O filme começa trinta anos antes, num episódio específico, em que vemos Clara comemorando a cura de um câncer de mama. Mais do que só alegria, existe algo de fragmentação em seu olhar perdido de Elis Regina (a atriz que a interpreta jovem é muito parecida com a cantora) diante do discurso exageradamente feliz do marido. É aniversário de uma tia, que chega aos 70 anos e já é vista despossuída de aspectos inerentes de seu ser, como a sexualidade e as contradições. A aniversariante, então, olha para um gaveteiro disposto sem maior destaque entre os convidados da festa, e tal como Proust com suas madeleines, é transposta a lembranças passadas ali, sobre o móvel, de sexo selvagem dos tempos de juventude, com um homem de quem, logo sabemos, ela fora amante.

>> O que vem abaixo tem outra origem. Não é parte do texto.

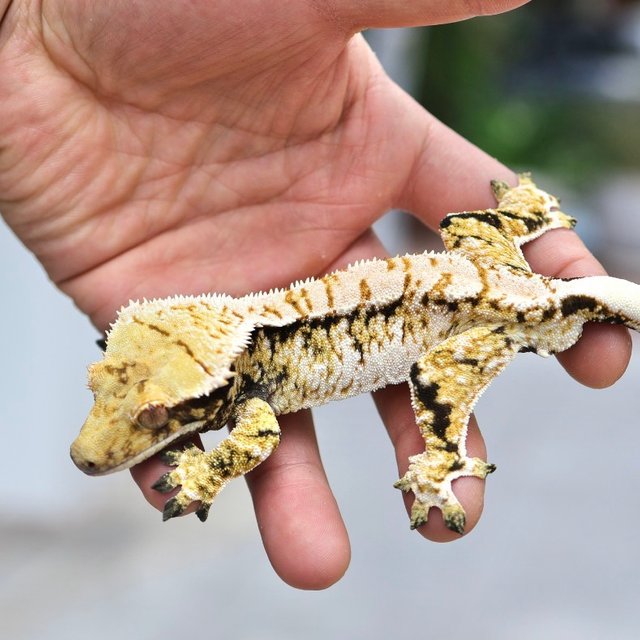 노멀 트라이 익스트림할리퀸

Esse tom que apresenta-se nos primeiros quinze minutos de filme é mantido ao longo de toda a história. Como dito de início, as estranhezas e onirismos de Mendonça Filho são manifestados em zoom ins ou panorâmicas inesperadas, quase descabidas, ou de elementos sobrenaturais, quase surreais de fato. É um filme de lembranças e pensamentos, mergulhado inteiramente na cabeça de sua protagonista irretocável.
A respeito dela, é fundamental falar do desempenho de Sonia Braga. Mais do que “um presente à atriz”, como dizem alguns críticos, o filme apresenta uma dedicação que ela não oferecia desde seus trabalhos mais pungentes, como “Gabriela” (1975) e “Dona Flor e Seus Dois Maridos” (1976). Isso mostra a importância de bons roteiros e boas direções diante de atores e atrizes competentes. Dotados de significações e intenções ricamente construídas, faz-se mágica de um tipo que só o cinema oferece.

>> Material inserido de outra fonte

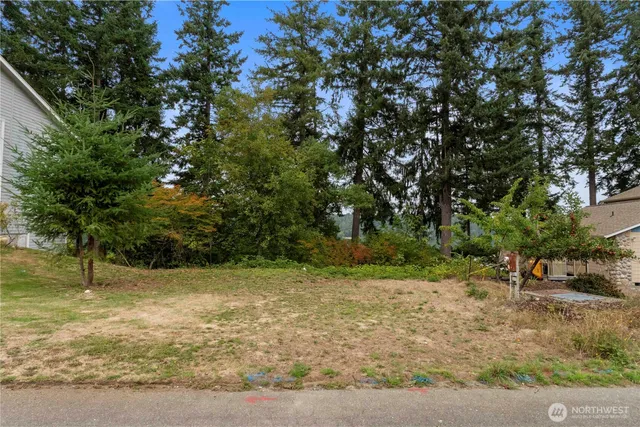 a view of outdoor space with deck and trees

Assim, para além da crítica à especulação imobiliária, que objetivamente tem destruído vidas e memórias, tal qual se dá na capital pernambucana, na região do porto de Estelita, ou no Rio de Janeiro, na região da Vila Olímpica, “Aquarius” é muito mais um filme sobre as memórias que carregamos. Não deixa de se criticar o “estilo classe média” (ou aqui, classe média alta) de vida, com problemas que são representados em sua pequeneza e embaraços que destacam o quanto de ridículo todos nós temos. Mais do que isso, porém, é que com um estilo de direção deveras simplificado, Mendonça Filho vem construindo o melhor cinema nacional da atualidade.